Multiple questions were raised when a security guard working at a downtown Lincoln bar shot and killed Gregory Little Jr. on April 7. Some of those questions were answered when prosecutors said the guard did not commit a crime when he shot Little, who had reached for a handgun that had fallen from the guard’s vest.
Others, like how a bar could be open at 3 a.m., an hour after alcohol sales legally end, have been clarified.
And the Royal Hookah Bar & Lounge has had its license suspended and been given a mandatory 1 a.m. closing time by the Nebraska Liquor Control Commission.
Raised in a story by Journal Star reporter Andrew Wegley, one of the most troubling queries remains unresolved. That is, are security guards licensed on any level and can those guards legally carry concealed weapons without a permit? The answers: no and yes. And both need to be reversed.
Nebraska requires formal training or a state occupational license to teach school, give body piercings, paint or cut nails and style hair.
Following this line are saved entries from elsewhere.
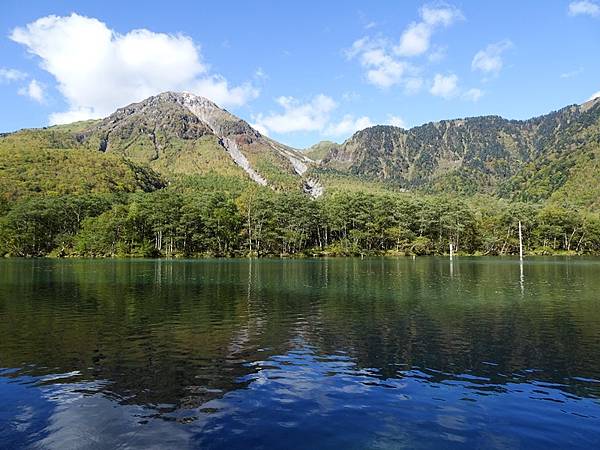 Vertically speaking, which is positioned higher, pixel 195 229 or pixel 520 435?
pixel 195 229

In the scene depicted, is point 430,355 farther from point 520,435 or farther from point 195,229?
point 195,229

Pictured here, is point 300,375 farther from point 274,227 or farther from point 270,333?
point 274,227

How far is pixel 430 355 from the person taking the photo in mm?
21609

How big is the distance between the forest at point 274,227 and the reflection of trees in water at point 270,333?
99.1 meters

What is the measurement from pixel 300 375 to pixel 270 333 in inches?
332

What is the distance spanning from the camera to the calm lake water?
13.0 m

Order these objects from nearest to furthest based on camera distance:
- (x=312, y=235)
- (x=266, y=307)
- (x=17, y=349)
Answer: (x=17, y=349) < (x=266, y=307) < (x=312, y=235)

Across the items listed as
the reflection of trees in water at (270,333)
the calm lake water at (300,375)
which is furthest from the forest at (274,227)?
the calm lake water at (300,375)

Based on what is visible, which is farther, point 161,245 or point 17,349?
point 161,245

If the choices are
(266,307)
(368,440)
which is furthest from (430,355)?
(266,307)

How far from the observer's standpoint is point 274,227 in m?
151

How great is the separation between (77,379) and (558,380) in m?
18.6

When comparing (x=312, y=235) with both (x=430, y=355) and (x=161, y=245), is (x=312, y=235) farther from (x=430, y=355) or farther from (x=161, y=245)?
(x=430, y=355)

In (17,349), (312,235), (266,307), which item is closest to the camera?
(17,349) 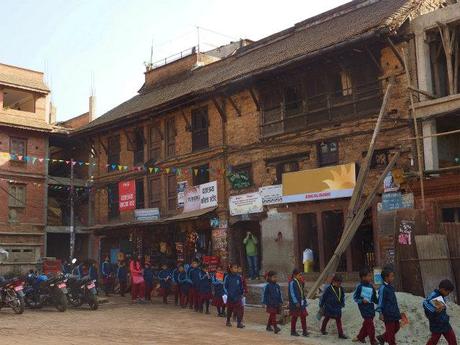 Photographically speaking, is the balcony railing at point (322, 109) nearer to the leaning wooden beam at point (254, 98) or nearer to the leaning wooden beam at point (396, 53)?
the leaning wooden beam at point (254, 98)

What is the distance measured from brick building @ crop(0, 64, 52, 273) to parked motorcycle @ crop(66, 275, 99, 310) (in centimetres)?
1325

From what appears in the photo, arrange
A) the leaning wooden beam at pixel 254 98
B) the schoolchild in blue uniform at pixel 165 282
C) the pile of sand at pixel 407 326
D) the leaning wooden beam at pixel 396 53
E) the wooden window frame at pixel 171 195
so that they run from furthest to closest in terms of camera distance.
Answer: the wooden window frame at pixel 171 195 → the leaning wooden beam at pixel 254 98 → the schoolchild in blue uniform at pixel 165 282 → the leaning wooden beam at pixel 396 53 → the pile of sand at pixel 407 326

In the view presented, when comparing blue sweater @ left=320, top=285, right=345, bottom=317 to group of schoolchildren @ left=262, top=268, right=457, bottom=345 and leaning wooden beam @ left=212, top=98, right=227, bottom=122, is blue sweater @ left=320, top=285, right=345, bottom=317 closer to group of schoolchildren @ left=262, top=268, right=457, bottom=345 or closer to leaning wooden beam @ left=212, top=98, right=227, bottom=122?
group of schoolchildren @ left=262, top=268, right=457, bottom=345

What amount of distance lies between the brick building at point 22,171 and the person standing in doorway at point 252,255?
1398cm

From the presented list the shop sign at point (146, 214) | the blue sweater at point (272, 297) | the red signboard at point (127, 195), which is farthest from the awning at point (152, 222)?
the blue sweater at point (272, 297)

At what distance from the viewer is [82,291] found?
1683cm

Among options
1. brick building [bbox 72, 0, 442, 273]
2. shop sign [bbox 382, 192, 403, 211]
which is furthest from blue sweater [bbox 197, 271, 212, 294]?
shop sign [bbox 382, 192, 403, 211]

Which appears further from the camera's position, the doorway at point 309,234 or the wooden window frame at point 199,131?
the wooden window frame at point 199,131

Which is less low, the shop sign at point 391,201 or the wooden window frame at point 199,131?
the wooden window frame at point 199,131

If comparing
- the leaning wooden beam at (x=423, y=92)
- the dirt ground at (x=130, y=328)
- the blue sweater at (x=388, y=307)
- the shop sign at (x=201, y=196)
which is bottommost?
the dirt ground at (x=130, y=328)

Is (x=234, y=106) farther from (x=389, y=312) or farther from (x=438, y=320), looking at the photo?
(x=438, y=320)

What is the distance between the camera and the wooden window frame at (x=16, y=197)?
96.4 feet

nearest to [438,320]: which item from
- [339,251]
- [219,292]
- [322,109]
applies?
[339,251]

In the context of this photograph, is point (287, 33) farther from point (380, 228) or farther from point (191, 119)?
point (380, 228) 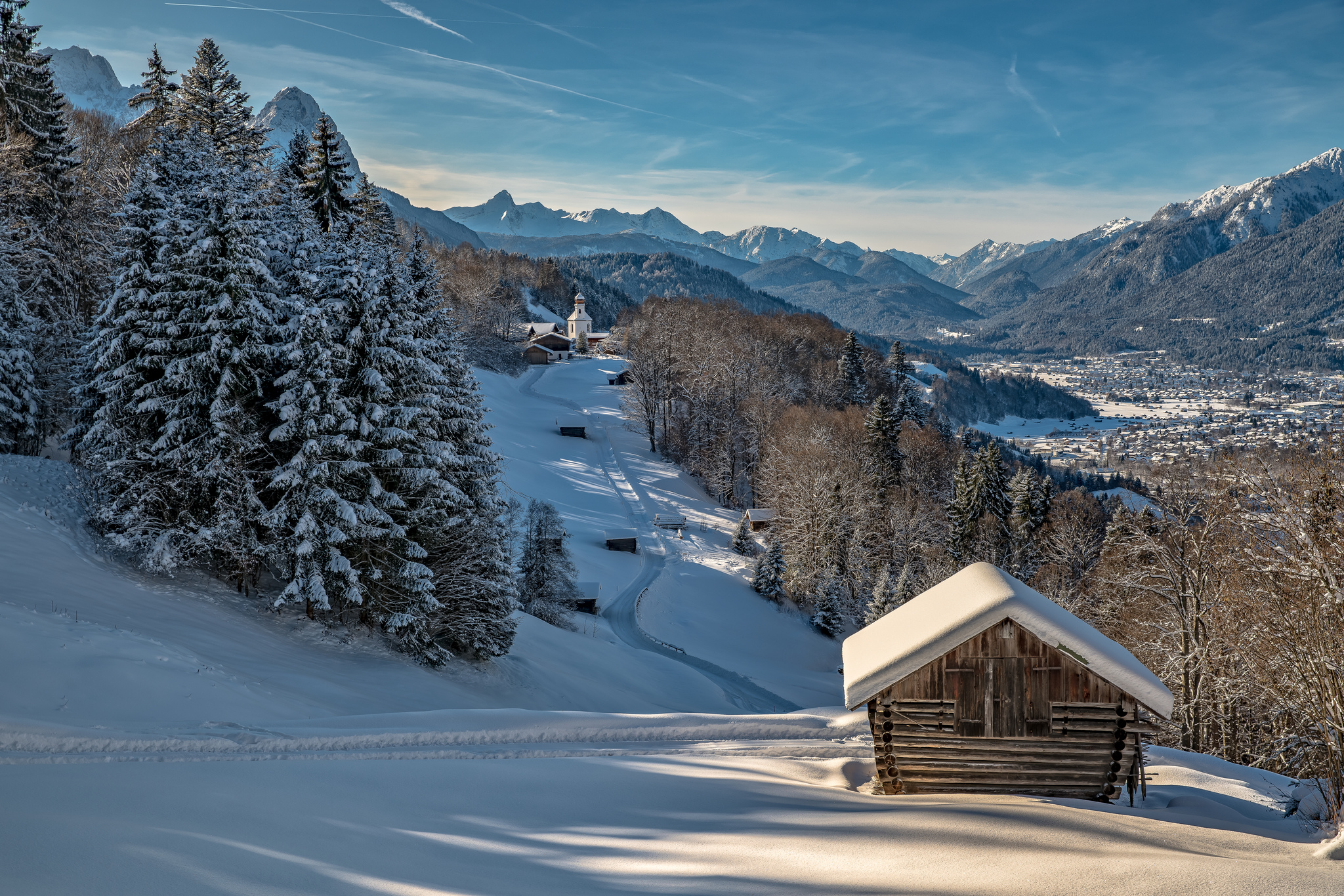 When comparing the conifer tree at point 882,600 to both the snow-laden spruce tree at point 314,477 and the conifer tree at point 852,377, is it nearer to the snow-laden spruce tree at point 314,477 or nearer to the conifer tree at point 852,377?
the snow-laden spruce tree at point 314,477

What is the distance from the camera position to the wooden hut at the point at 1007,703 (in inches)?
393

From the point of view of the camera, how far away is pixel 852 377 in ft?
236

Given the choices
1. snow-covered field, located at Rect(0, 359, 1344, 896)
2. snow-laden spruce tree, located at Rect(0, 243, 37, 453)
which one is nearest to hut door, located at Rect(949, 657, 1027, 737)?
snow-covered field, located at Rect(0, 359, 1344, 896)

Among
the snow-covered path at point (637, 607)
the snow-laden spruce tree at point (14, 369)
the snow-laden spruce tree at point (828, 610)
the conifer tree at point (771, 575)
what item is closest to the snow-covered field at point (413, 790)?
the snow-laden spruce tree at point (14, 369)

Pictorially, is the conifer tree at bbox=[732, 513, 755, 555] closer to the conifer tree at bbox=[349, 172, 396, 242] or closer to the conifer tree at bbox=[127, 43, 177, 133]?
the conifer tree at bbox=[349, 172, 396, 242]

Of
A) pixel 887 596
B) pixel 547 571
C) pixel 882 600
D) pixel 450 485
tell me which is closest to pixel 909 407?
pixel 887 596

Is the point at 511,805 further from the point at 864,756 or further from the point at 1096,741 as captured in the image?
the point at 1096,741

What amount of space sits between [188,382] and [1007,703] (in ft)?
59.2

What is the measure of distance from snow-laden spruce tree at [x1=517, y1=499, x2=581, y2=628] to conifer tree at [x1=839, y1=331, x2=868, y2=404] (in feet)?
144

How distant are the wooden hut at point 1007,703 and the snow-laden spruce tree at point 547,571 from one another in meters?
23.7

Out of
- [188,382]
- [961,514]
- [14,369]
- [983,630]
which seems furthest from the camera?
[961,514]

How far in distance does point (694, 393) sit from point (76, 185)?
49244 mm

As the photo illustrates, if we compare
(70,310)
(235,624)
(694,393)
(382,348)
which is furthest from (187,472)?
(694,393)

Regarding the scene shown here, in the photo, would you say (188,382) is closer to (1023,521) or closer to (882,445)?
(882,445) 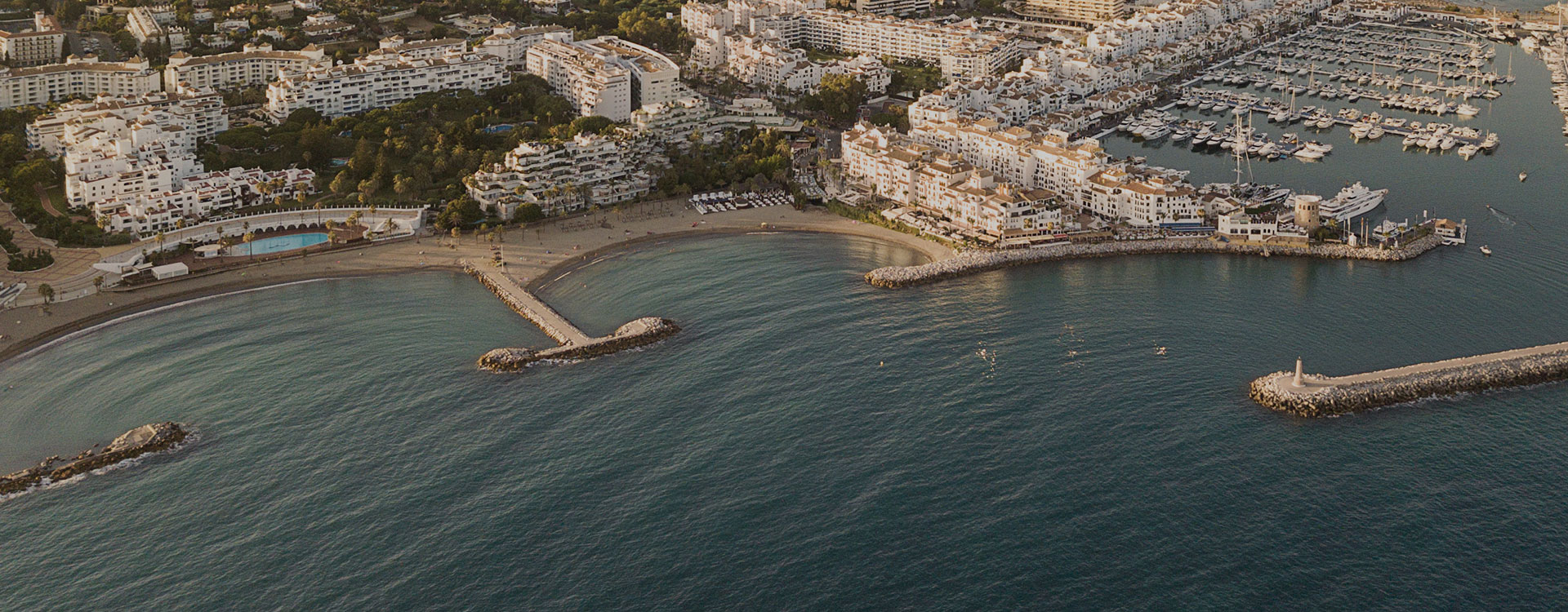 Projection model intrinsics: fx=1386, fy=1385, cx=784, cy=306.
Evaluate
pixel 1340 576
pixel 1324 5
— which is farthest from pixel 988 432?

The same requirements hold for massage therapists, funeral directors and anyone working with asbestos. But there are no regulations for private bouncers or security guards, who since September can carry concealed weapons without a permit.
The basic regulatory structure of Nebraska’s laws governing “private policing” — the closest thing the state has on the books to regulating private security guards — was imposed in 1959 and, as the hookah bar incident has sadly illustrated,.